### Material for this task

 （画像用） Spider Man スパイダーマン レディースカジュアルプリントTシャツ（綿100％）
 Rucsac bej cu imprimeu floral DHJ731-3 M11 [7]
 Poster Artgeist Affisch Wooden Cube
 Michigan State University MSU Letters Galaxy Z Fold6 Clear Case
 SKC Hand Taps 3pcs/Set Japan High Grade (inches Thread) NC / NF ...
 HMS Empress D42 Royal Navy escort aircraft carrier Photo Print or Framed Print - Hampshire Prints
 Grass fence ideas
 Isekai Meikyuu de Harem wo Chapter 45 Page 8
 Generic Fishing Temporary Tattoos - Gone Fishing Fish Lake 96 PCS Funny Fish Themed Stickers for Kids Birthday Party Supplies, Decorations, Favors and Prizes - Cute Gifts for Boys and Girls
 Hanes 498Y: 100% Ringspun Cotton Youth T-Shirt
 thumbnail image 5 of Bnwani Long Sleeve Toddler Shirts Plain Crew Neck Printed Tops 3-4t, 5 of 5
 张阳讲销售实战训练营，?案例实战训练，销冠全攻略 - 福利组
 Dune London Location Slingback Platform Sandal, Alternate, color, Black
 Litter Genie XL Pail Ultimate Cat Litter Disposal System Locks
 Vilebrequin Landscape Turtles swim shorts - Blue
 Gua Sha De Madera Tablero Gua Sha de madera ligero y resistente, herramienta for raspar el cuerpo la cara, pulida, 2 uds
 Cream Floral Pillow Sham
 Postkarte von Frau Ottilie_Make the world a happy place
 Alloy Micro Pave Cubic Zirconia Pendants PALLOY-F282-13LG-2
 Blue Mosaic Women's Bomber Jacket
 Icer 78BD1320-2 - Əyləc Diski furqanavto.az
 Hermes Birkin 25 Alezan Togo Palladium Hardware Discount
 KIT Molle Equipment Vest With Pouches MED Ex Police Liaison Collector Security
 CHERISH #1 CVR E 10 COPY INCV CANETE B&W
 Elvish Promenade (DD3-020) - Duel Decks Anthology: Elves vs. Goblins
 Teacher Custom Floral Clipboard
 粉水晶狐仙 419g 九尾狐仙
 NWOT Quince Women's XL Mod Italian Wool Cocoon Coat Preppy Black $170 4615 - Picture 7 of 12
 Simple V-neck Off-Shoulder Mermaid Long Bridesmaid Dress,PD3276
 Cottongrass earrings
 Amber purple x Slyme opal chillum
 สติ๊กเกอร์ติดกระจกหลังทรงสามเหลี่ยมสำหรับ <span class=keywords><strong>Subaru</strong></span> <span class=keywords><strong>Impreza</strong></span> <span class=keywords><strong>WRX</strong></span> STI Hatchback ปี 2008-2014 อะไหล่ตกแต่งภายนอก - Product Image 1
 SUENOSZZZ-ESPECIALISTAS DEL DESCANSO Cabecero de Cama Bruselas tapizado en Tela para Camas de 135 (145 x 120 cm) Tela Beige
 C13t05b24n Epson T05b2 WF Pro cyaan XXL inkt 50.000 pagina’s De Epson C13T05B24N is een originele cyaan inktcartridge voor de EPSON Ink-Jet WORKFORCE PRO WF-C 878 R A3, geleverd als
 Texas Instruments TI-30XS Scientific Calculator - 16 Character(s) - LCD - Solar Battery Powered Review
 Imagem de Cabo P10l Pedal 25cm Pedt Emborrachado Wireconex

######

From the data above, reproduce word for word the lines running from the line with "Litter Genie XL" to the line with "Amber purple x Slyme opal chillum", ends included.

 Litter Genie XL Pail Ultimate Cat Litter Disposal System Locks
 Vilebrequin Landscape Turtles swim shorts - Blue
 Gua Sha De Madera Tablero Gua Sha de madera ligero y resistente, herramienta for raspar el cuerpo la cara, pulida, 2 uds
 Cream Floral Pillow Sham
 Postkarte von Frau Ottilie_Make the world a happy place
 Alloy Micro Pave Cubic Zirconia Pendants PALLOY-F282-13LG-2
 Blue Mosaic Women's Bomber Jacket
 Icer 78BD1320-2 - Əyləc Diski furqanavto.az
 Hermes Birkin 25 Alezan Togo Palladium Hardware Discount
 KIT Molle Equipment Vest With Pouches MED Ex Police Liaison Collector Security
 CHERISH #1 CVR E 10 COPY INCV CANETE B&W
 Elvish Promenade (DD3-020) - Duel Decks Anthology: Elves vs. Goblins
 Teacher Custom Floral Clipboard
 粉水晶狐仙 419g 九尾狐仙
 NWOT Quince Women's XL Mod Italian Wool Cocoon Coat Preppy Black $170 4615 - Picture 7 of 12
 Simple V-neck Off-Shoulder Mermaid Long Bridesmaid Dress,PD3276
 Cottongrass earrings
 Amber purple x Slyme opal chillum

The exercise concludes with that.